Torrent was developed in UDK by ten developers at the Guildhall at SMU. The project lasted 12 weeks, with fifteen man hours per person per week. As the Producer on this project, I present this postmortem to outline the tragedies and triumphs we faced as a team starting from the pre-production phase until the final release date.
What Went Well
Pipeline processes established by each department helped streamline productivity for our team. Whether it was quality control, asset approval, or game design changes, the process to deal with these obstacles consumed minimal production time allowing the developers to spend more time on development.
Morale Boost After Vertical Slice
It is very hard for developers to see the big picture during the early phases of development. Even though we have documentation and references to refresh our vision, it was difficult to gauge our progress. As we arrived at the Vertical Slice milestone and presented our deliverable to the Greenlight committee, we started to see our hard work brought to fruition. This served as a huge morale boost to the team and allowed us to drive the project forward.
Plethora of User Input
During each week of development, we were able to perform a dozen playtest and usability sessions that provided us with adequate feedback. Since development mostly took place in our studio room where other groups working as well, we were able to gather feedback from upper and lower classmen as well as the seasoned industry professionals (the faculty). The feedback gave our team the ability to iterate on our features, which improve the overall quality of Torrent.
What Went Wrong
During the early phases of production and after each milestone, the user input received inspired many ideas to the design team.
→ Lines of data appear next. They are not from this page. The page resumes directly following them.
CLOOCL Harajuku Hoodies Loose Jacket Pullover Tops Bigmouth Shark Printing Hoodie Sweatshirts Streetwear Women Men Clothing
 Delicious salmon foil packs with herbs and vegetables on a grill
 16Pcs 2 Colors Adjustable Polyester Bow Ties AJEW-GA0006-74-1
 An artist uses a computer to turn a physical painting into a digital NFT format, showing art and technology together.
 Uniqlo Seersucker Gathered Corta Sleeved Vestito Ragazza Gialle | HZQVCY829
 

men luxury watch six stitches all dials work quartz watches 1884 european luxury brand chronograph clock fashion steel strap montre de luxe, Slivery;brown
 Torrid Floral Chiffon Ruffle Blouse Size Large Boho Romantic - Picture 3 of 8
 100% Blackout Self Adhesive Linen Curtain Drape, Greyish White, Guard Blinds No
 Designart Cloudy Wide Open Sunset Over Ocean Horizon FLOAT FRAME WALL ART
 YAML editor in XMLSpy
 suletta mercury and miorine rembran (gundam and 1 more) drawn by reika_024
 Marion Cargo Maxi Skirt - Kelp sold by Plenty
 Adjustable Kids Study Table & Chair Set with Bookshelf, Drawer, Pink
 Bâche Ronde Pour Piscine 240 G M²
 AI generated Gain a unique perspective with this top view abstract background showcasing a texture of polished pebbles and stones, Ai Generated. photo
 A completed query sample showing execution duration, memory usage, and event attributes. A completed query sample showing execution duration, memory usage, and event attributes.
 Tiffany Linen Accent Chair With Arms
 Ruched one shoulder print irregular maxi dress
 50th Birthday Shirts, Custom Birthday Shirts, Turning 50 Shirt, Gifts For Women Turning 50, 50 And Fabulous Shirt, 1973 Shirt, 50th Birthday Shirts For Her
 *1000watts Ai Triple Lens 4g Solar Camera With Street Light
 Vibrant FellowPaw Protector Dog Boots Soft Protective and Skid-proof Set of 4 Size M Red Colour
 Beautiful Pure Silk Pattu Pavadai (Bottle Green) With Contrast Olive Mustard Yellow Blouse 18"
This resulted in minor aesthetic and gameplay changes that required our artists and programmers to work additional hours to implement these new and exciting ideas. Although these additional features added quality to Torrent, better planning should have been made to prepare for these changes.
Communication Issues Between Disciplines
Communication between the design and art team should have been better. Designers on the team were using the assets created by the artists in creative ways. Sometimes a pillar or crate would be scaled five to ten times bigger than it should have been to serve as trim or decoration. This reason for this was because assets were not being created as rapidly as the designers wanted. In my experience, this seems to be a common problem where the artists generally want more time to spend on their asset creation process while the designers always want more assets use in their levels. In the future, we will have our leads communicate with each other more often and run cross discipline approval processes between the art and design team to make sure everything is moving forward as intended.
Hardware/Software Issues During Mid-Development
We had all sorts of hardware/software issues with our Alienware laptops. Some issues that occurred were as follows: UDK engine bugs, Visual Studio malfunctioning, Perforce connection issues, Autodesk 3Ds Max errors, etc. We did the best that we could in dealing with these setbacks, but in the future, we will make sure that the software/hardware issues we have are tested before we start development.
Overall, we felt that this project was very successful and everyone enjoyed working with each other during and outside of core hours. This whole 12 week process gave us valuable learning lessons as developers of the gaming industry and we would definitely continue working on this project if the Guildhall curriculum allowed it.